Un bénéficiaire de pension sur trois est à l'étranger
Karin Keller-Sutter veut ainsi empêcher les optimisations fiscales. Mais ce faisant, elle oublie d'autres échappatoires fiscales qui subsistent. Par exemple celle des Suisses de l'étranger. «La réglementation actuelle pour les retraités qui se sont expatriés conduirait à une injustice, explique Reto Spring. Il faudrait l'adapter, sinon les Suisses de l'étranger risqueraient d'être nettement mieux lotis que ceux qui restent dans le pays.»
En effet, les retraités qui se trouvent à l'étranger au moment du versement du capital de leur caisse de pension paient un impôt à la source. Et celui-ci est, selon les cantons, nettement plus bas que l'impôt sur le retrait du capital. En d'autres termes, les mesures de la ministre des Finances rendent plus attractif le fait de s'installer ailleurs qu'en Suisse au moment de la retraite.
Le nombre de retraités qui ont franchi la frontière est déjà élevé. Comme le montre la statistique AVS 2022, 35% des bénéficiaires de pension vivent à l'étranger. Cela représente 956'000 seniors.
Une personne sur trois vit donc sa retraite sous les palmiers, dans les alpages autrichiens ou en Toscane. Et ces personnes peuvent se faire verser l'argent de leur caisse de pension en une seule fois (comme les retraités vivant en Suisse).
L'impôt à la source est très avantageux
La différence est pourtant grande. Le retrait de capital est imposé à la source là où l'institution de prévoyance a son siège. Cet impôt à la source est, selon le canton, très avantageux. Les personnes encore plus ingénieuses font transférer le capital vers une institution de libre passage dans le canton de Schwytz après avoir déménagé à l'étranger: c'est dans ce canton que l'on trouve les impôts à la source les plus bas de Suisse, avec un taux compris entre 2,5 et 5,1% maximum (charge totale du canton et de la Confédération).
Cela pourrait-il pousser les Suisses à émigrer? «Rares sont ceux qui partent à l'étranger uniquement pour une optimisation fiscale, répond Florian Schubiger de la société Vermögenspartner AG. Une expatriation s'inscrit plutôt dans un projet de vie.» De plus, selon le pays d'émigration, il existe un accord de double imposition en vertu duquel la fortune doit être imposée une deuxième fois.
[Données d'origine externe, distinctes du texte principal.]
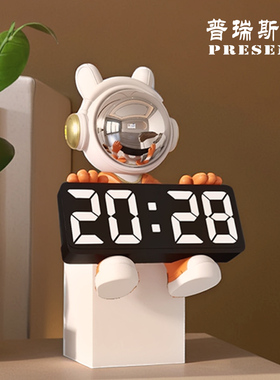 普瑞斯登宇航员太空人闹钟摆件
Selon Reto Spring, un transfert de domicile ne vaut la peine que pour les grandes fortunes de plusieurs millions. Et une émigration pour la forme, qui ne serait que de courte durée, ne suffit pas. «Il faut transférer son domicile à l'étranger pendant au moins trois ans. Si l'on séjourne beaucoup plus souvent en Suisse qu'à l'étranger, le fisc exige des preuves comme des factures d'électricité et de téléphone.»
Il n'y aura donc probablement pas de grande vague d'émigration si la mesure passe. Ce qui est par contre clair, c'est que les retraités hors de Suisse sont les bénéficiaires de pension les plus chanceux en matière d'impôts.